* _Instructions to follow_: Could you set down exactly the lines in the records below between the line holding "Metsola expresa su" and the line holding "Овсяная каша с яйцом и сыром Овсяная", inclusive?

* _Data excerpts_:

────────────────────

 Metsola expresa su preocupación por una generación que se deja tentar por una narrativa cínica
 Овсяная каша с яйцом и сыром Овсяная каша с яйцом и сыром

────────────────────

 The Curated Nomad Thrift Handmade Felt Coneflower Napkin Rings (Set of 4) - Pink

────────────────────

* _Exercise output_:
 Metsola expresa su preocupación por una generación que se deja tentar por una narrativa cínica
 Овсяная каша с яйцом и сыром Овсяная каша с яйцом и сыром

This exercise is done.